I assure myself that I am warm and dry with full pantry shelves, that such snow, unlike ice, presents no danger to the electrical grid, that I don’t have to go out and, if I did, I wouldn’t. What can I say? I had a bad experience in a storm in my formative years and I still bear the scars. Moreover, we haven’t had as much snow here as New England and the mid-west. Still I would be willing to send today’s downfall to Southern California where even the mountains are dry this year, or even to Sochi, just in case it’s needed.
No one is shovelling. No point. Not yet. The snow plows are rumoured to be working on the major highways. Then they’ll get to the roads and about midnight, they may get to the side streets. Come to think of it, I haven’t heard the bus go thundering up the hill in front of the house for a while. Usually, you can set your watch by them, two of them that do a quick loop down from the Old Mill Subway Station to the Humber streetcar loop, every 20 minutes. Almost as good as snow plows at clearing the road.
My earliest winter memories are of living in a farmhouse in the hills of Quebec’s Eastern Townships. Windswept! It had poplar trees on two sides that registered the slightest zephyr and talked to me about it. In a winter storm, they shouted as did the windows where the wind hummed in and left little drifts of snow inside on the window ledges. The wood box would be crammed full and several pails of spring water standing on the pantry shelf, carried in by my father who would have had to break the ice at the top of the spring. My mother was completely capable of keeping the stove going while he was away, pulping in the woods. That is cutting soft wood, trimming and hauling it back with the team of horses, to stack it in the long piles of pulp wood beside the road, work that snow and sleds made possible. There was no need to go to the store, what with the flour barrel, the potato bin, the canning cupboard filled with jars of berries and green beans and the deer meat hanging in the wood shed. Yet the house was full of terror.

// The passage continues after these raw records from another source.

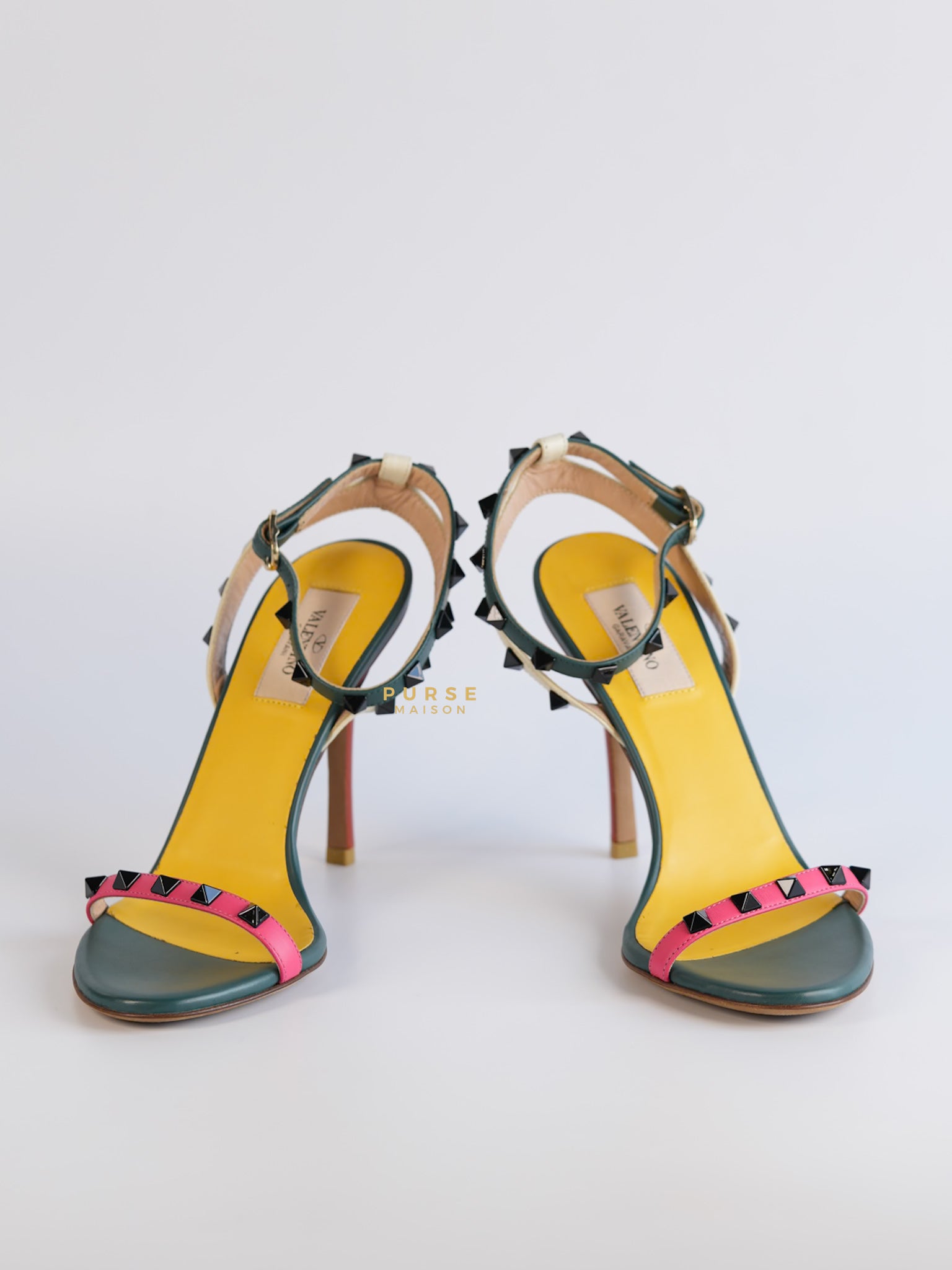 Green Multicolor Leather Rockstud Open Toe Sandals Size 38 EU | Purse Maison Luxury Bags Shop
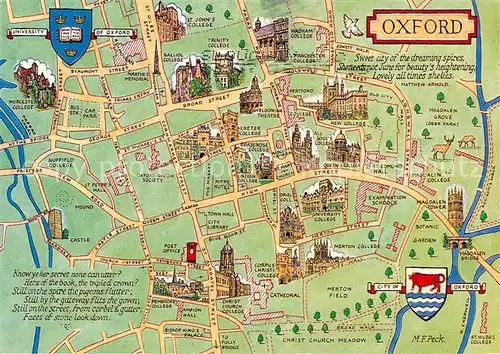 AK / Ansichtskarte Oxford_Oxfordshire Stadtplan Oxford Oxfordshire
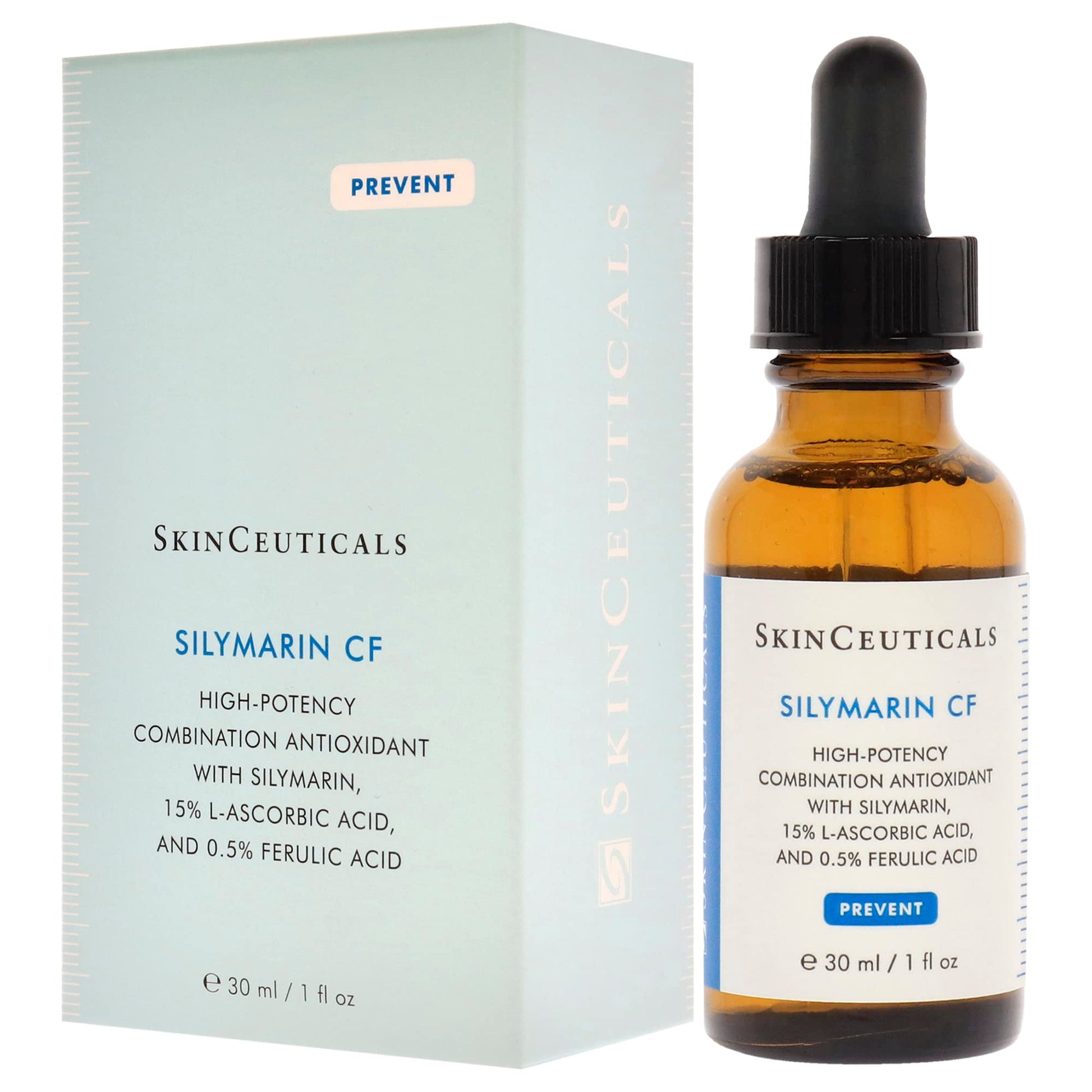 SkinCeuticals Silymarin CF antioxidant serum bottle with dropper beside a pale blue box, 30 ml on Tampa Home & Garden Store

What if… my mother wondered, when my father set out. What if, the place burned down? What if we needed the doctor? Etc. To each, my father responded with specific detailed solutions. The next farm was less than a mile away although out of sight. There was, of course, no telephone and no electricity. Anyway, he would be back in two days. Did she think he enjoyed freezing his ___ off in that camp? And John would look in when he came to milk the cows.
She would have been 22 then, a country girl, born and bred, but high-strung. When I was 22, I had just left residence at university and couldn’t have built a fire to save my life. She passed on her fearful nature and cold-hating physicality but not that practical skill.
I do remember one glorious day when it finally stopped snowing and freezing. The sun shone down on the glittering world. “Get on your snow suit,” she cried, joyfully. “We’ll go sliding on the crust.” And what a crust! Even she could walk on it without breaking through and it carried my sled, heavy laden with both of us all the way down to the bottom of the slope where the little brook lay frozen and buried.
Years later when I lived in the house under the hill (famous in this blog’s mythology), on a snow day, worse than today, school was cancelled. As teachers, my husband and I were off work and our small children were home. Curiously, our housekeeper had made it in and was busy in the kitchen. I was sitting at the table in the family room, close to the blazing fireplace, marking essays. I could see out the window to the high drift that lay there. Suddenly I saw the mailman step easily over the drifted-in wire fence and begin his progress over the side yard. “Stop,” I yelled, leaping to my feet. “Stop.” I started to pound on the window, but dropped my fists. And watched, dumbfounded. Slowly, he progressed through the heavy snow, one step after the other, mail bag banging at his hip. At each step. I prayed. He caught sight of me and smiled. Then he climbed over the fence at the other end. I collapsed in relief. He had just walked over our snow-covered, eight foot deep swimming pool.